• Requirement:
Exact repetition of a range: find the line containing "The writer Ismail" and the line containing "Leonardo Royal Hotel" in the material below, then repeat both and all lines between them, leaving pictures out.

• Dataset entries:
+===+

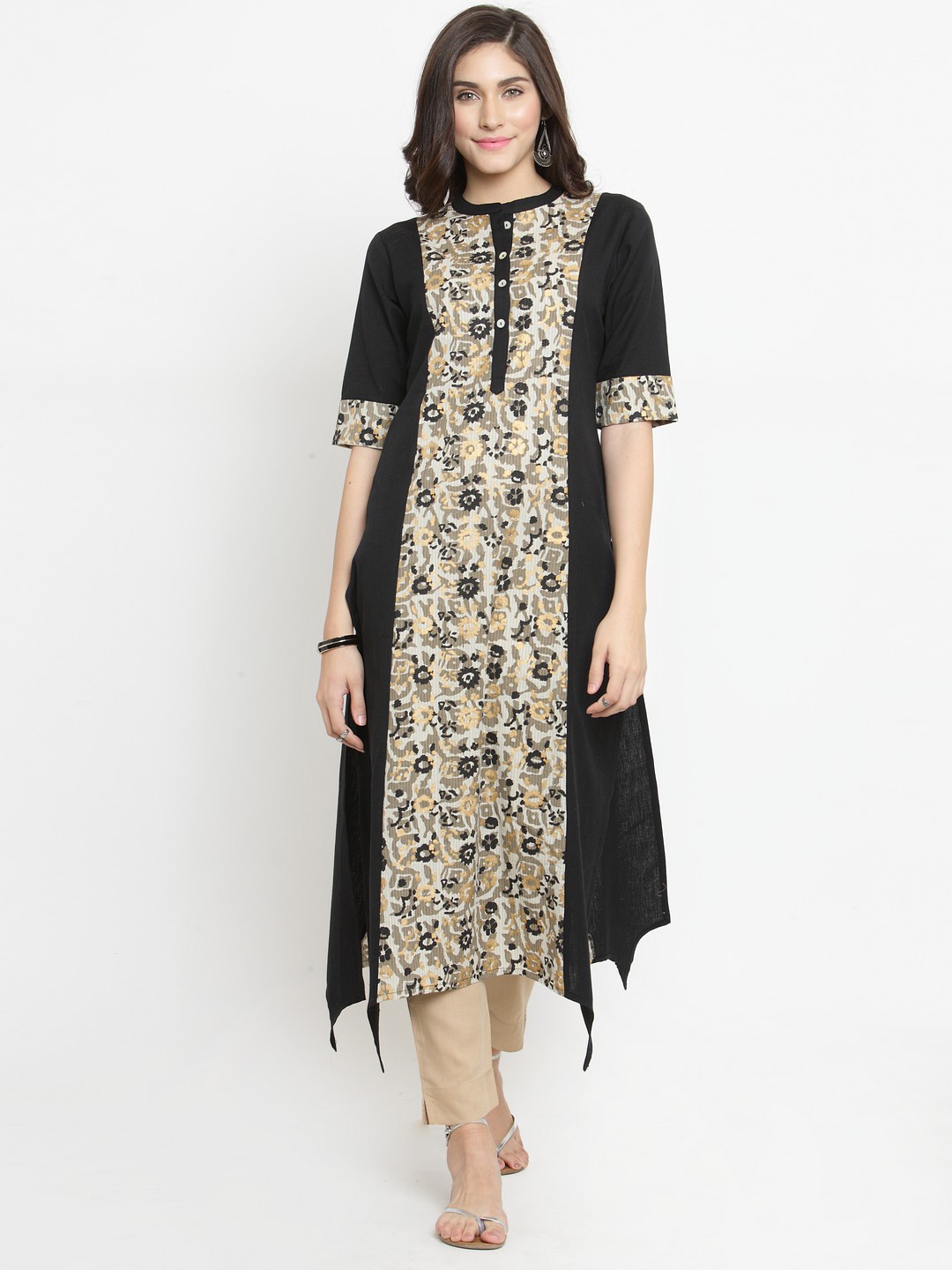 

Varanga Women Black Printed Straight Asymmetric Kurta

+===+

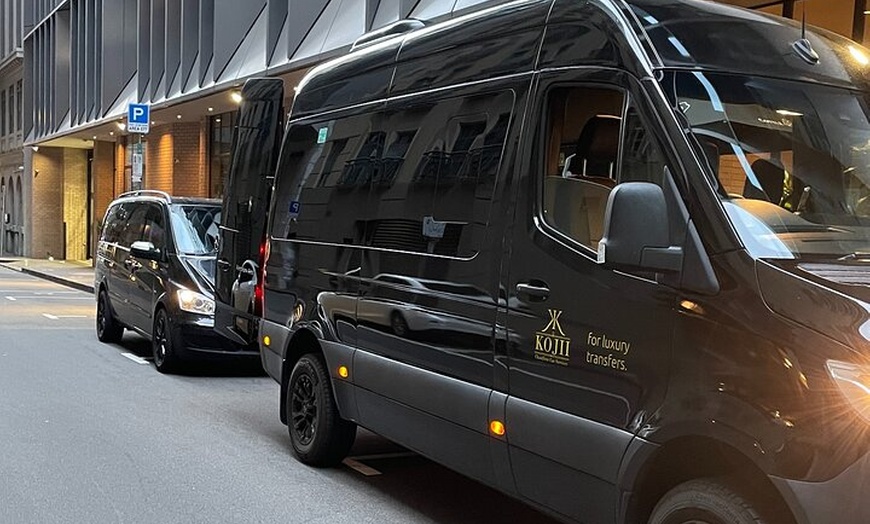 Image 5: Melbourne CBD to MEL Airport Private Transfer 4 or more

+===+

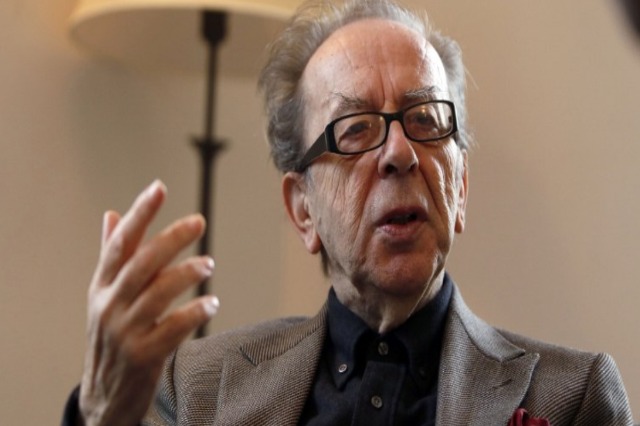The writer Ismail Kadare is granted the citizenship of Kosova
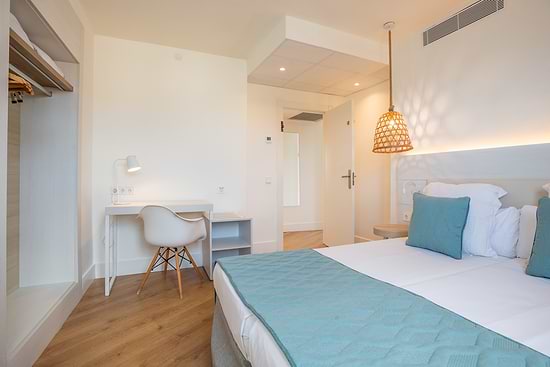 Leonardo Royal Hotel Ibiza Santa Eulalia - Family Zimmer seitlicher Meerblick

+===+

• Response to this task:
The writer Ismail Kadare is granted the citizenship of Kosova
 Leonardo Royal Hotel Ibiza Santa Eulalia - Family Zimmer seitlicher Meerblick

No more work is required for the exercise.